WORK TASK: Starting at the line that contains "Image No.2-2 Bed Apartment for sale" in the listing below, write out every line word for word until you have written the line that contains "Anh Hùng Đã".

MATERIAL PROVIDED:
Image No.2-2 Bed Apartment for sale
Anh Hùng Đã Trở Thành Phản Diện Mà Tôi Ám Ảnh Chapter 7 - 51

...

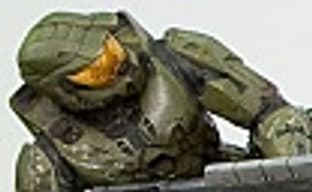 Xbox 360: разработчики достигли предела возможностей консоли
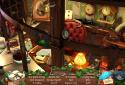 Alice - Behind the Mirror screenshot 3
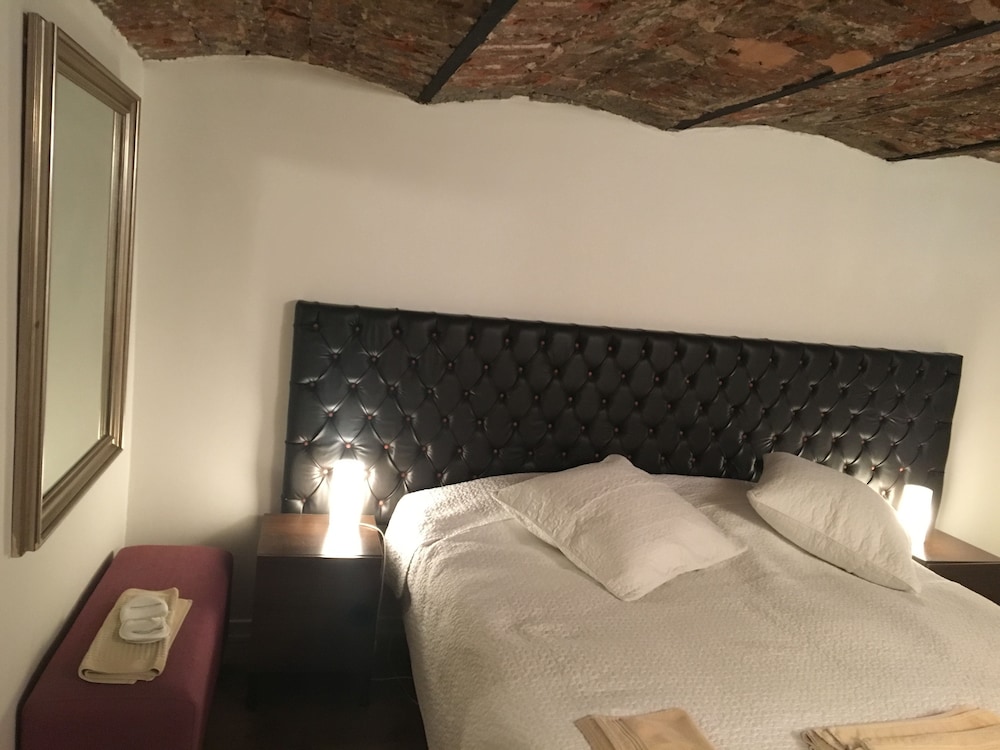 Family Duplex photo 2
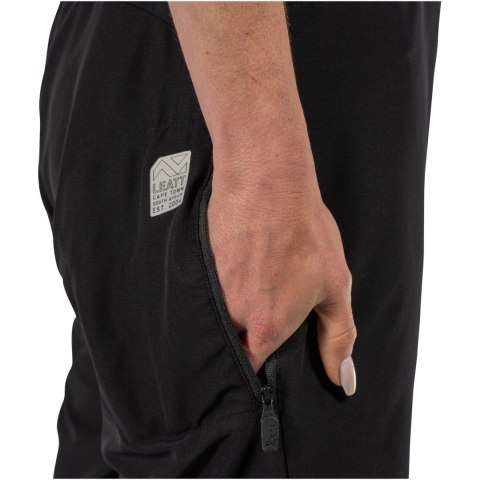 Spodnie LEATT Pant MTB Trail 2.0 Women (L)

---

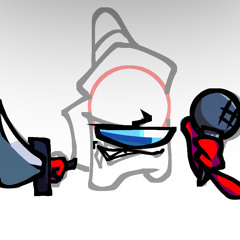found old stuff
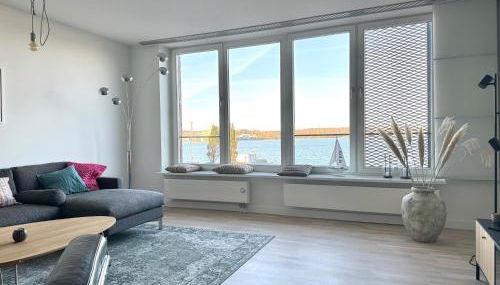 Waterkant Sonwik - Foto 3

FINISHED EXERCISE:
Image No.2-2 Bed Apartment for sale
Anh Hùng Đã Trở Thành Phản Diện Mà Tôi Ám Ảnh Chapter 7 - 51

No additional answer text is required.